→ Task instructions: Pick out all lines of the entries that include the word "Extra" and copy them.

→ Records for the task:
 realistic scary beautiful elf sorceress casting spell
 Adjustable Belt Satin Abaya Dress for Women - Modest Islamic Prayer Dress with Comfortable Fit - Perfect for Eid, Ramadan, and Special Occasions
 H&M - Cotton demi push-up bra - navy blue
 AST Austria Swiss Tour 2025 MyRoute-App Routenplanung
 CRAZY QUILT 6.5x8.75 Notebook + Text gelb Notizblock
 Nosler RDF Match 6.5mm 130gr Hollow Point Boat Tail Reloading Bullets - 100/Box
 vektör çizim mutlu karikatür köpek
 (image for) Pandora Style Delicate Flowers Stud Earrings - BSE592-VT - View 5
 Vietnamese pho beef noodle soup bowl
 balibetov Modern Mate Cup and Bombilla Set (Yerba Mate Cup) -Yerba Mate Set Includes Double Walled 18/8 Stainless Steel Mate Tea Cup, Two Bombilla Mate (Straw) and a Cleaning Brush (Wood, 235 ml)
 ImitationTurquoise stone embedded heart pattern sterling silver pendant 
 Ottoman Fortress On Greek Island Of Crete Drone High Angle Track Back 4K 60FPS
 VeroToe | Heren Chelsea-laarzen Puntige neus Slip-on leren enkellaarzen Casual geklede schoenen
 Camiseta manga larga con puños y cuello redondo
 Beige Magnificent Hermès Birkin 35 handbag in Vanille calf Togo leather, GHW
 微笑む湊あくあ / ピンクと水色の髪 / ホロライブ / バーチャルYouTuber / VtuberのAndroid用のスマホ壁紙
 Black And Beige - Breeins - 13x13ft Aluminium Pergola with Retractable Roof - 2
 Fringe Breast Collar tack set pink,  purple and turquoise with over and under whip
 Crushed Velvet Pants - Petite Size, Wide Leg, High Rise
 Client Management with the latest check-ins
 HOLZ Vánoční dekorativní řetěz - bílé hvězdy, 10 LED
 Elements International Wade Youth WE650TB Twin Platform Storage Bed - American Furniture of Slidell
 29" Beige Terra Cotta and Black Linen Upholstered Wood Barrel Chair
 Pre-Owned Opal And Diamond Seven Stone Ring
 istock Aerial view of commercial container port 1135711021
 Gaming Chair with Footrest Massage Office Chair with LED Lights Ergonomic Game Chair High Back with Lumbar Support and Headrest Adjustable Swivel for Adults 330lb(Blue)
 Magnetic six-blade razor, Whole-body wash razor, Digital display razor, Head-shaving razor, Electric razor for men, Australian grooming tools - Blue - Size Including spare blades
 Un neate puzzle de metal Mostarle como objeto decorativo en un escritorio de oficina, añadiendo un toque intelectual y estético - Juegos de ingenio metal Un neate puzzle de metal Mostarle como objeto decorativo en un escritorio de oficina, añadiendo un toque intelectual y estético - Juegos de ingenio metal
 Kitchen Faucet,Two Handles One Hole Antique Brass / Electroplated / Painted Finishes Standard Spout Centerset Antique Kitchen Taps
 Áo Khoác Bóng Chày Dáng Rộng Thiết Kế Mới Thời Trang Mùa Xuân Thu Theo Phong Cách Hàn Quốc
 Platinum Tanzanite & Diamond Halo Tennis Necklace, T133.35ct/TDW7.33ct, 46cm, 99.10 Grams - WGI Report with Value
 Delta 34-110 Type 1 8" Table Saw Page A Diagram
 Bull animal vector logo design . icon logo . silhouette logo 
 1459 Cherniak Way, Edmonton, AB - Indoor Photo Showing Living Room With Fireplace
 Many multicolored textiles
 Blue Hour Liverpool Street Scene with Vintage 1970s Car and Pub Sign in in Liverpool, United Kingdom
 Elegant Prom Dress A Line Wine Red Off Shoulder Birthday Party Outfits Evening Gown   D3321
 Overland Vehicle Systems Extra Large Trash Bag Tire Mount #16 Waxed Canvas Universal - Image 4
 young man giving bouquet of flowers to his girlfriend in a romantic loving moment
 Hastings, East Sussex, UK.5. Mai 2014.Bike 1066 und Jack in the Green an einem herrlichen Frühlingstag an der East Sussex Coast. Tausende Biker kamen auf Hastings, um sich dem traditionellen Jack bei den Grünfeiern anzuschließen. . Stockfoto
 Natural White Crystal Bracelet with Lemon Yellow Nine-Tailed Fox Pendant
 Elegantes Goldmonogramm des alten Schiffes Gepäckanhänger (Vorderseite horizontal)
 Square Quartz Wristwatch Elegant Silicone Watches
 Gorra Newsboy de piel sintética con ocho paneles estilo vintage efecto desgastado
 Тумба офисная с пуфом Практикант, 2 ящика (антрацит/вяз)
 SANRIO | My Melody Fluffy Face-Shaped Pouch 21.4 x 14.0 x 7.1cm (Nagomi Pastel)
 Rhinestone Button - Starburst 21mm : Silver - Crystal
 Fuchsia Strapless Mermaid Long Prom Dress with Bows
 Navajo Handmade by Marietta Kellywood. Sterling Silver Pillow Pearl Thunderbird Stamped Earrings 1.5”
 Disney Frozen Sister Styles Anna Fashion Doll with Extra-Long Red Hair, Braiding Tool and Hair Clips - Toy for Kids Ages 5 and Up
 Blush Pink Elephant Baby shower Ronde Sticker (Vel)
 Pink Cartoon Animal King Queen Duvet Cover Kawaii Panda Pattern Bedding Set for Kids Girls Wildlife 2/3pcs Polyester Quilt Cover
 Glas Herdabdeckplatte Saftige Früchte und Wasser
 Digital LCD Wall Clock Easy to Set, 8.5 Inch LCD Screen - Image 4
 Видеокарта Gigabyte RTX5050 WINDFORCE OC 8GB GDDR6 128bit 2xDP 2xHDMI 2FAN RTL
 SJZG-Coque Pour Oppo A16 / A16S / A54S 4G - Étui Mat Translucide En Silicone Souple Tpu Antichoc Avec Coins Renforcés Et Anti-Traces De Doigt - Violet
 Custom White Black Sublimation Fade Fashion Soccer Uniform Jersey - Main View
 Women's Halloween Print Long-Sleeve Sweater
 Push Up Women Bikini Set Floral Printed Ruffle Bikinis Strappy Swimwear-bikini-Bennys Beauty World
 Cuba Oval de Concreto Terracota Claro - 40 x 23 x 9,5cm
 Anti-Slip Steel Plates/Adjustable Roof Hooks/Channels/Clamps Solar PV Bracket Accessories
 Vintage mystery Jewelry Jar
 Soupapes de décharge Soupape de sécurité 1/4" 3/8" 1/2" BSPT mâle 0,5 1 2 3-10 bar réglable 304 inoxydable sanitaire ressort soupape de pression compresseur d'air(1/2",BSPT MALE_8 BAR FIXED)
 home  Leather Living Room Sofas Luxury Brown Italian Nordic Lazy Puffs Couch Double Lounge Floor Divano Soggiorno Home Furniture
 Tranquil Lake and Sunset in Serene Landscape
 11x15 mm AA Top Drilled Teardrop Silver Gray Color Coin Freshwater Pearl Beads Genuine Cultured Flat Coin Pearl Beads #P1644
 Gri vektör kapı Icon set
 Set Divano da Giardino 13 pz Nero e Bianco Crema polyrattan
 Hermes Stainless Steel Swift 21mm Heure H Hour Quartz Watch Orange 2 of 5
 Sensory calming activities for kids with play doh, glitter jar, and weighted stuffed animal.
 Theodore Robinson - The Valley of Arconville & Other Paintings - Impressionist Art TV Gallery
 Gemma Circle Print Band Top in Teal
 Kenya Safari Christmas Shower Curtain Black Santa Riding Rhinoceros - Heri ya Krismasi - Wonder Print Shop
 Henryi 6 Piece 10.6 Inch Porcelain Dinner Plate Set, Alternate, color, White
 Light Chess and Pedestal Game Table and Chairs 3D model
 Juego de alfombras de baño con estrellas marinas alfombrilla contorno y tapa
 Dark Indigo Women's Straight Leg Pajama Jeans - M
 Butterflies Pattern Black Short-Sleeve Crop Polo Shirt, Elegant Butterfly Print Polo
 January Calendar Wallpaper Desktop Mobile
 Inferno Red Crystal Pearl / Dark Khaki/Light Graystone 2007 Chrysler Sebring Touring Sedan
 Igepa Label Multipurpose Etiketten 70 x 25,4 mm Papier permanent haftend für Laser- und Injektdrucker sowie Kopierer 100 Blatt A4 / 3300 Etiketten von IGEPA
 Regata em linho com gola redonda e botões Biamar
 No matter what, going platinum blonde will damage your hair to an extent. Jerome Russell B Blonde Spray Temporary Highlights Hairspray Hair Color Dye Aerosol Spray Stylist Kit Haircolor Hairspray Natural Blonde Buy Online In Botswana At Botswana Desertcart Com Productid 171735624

→ Task response:
 Overland Vehicle Systems Extra Large Trash Bag Tire Mount #16 Waxed Canvas Universal - Image 4
 Disney Frozen Sister Styles Anna Fashion Doll with Extra-Long Red Hair, Braiding Tool and Hair Clips - Toy for Kids Ages 5 and Up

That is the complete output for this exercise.